Install the latest beta or try the vendor OC utility.


----------



## WatEagle (Apr 22, 2020)

Regeneration said:


> Install the latest beta or try the vendor OC utility.


I tried the auto oc and I got worst results


----------



## Regeneration (Apr 22, 2020)

I was talking about the memory limit. Always best to overclock manually.

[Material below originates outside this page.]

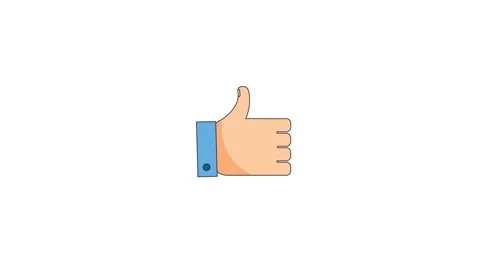 Hand thumb up like  art motion animation 4K Stock Footage 262530712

Use Final Fantasy XV Benchmark to stress test the video memory.


----------



## Mister300 (Apr 22, 2020)

Custom BIOS should do the trick.


----------



## WatEagle (Apr 22, 2020)

Mister300 said:


> Custom BIOS should do the trick.


I also thought this but I don’t really want to do it cause my card has still warranty
i prefer something easy that won’t hurt the card much like a possible brick


----------



## EarthDog (Apr 22, 2020)

Then you're stuck AFAIK. it's a bios flash with a higher limit or hard mods...


----------



## WatEagle (Apr 22, 2020)

EarthDog said:


> Then you're stuck AFAIK. it's a bios flash with a higher limit or hard mods...


Dang thats not great... also because my card is not so cool in winter and in summer is about 80C


----------



## EarthDog (Apr 22, 2020)

80C is appropriate for that card.

But you're confusing... you asked intially about raising the limits.... but out of the other side of your mouth you complain about temperatures? You're aware raising limits and voltage will increase temps, right?

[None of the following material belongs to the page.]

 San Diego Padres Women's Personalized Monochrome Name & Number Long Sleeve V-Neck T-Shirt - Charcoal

That said, you dont need to mod anything to lower the power limits and voltage to get lower temps (or change the fan curve).


----------



## WatEagle (Apr 22, 2020)

Oh it’s just me that doesn’t feel comfortable with that temp?


----------



## EarthDog (Apr 22, 2020)

WatEagle said:


> Oh it’s just me that doesn’t feel comfortable with that temp?


Yes.

And see edits to that post.


----------



## P4-630 (Apr 22, 2020)

Lower GPU temp is better , it will maintain a higher boost clock.


----------



## WatEagle (Apr 22, 2020)

Nono I understand well that an Oc of any kind will raise temps but At least in my case memory oc doesn’t rise them significantly. My worry is that if I flash another bios in any case I will have worse temps even If I set voltage and power limit as the ones I have now



P4-630 said:


> Lower GPU temp is better , it will maintain a higher boost clock.

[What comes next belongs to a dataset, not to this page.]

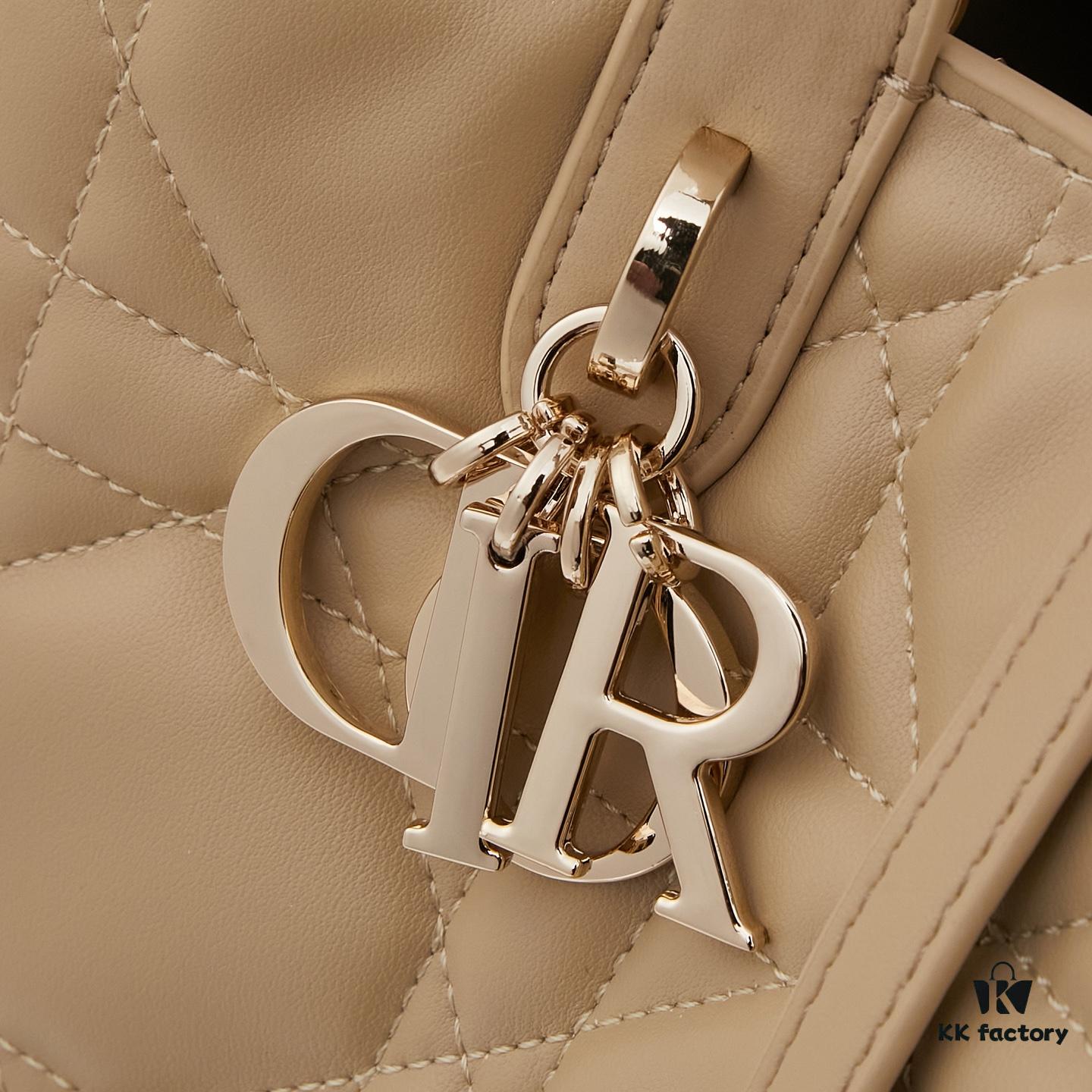 6930960e6e68136f4d9aa373 Dior Toujours Medium Vertical Handbag in Blush Beige Calfskin with Cannage Stitching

Exactly... I could get 80mhz or boost with current temps, thats why I want to avoid things that will increase them


----------



## EarthDog (Apr 22, 2020)

WatEagle said:


> Nono I understand well that an Oc of any kind will raise temps but At least in my case memory oc doesn’t rise them significantly. My worry is that if I flash another bios in any case I will have worse temps even If I set voltage and power limit as the ones I have now
> 
> 
> Exactly... I could get 80mhz or boost with current temps, thats why I want to avoid things that will increase them


if the bios edits the voltage table higher, of course it would. More voltage = higher temps.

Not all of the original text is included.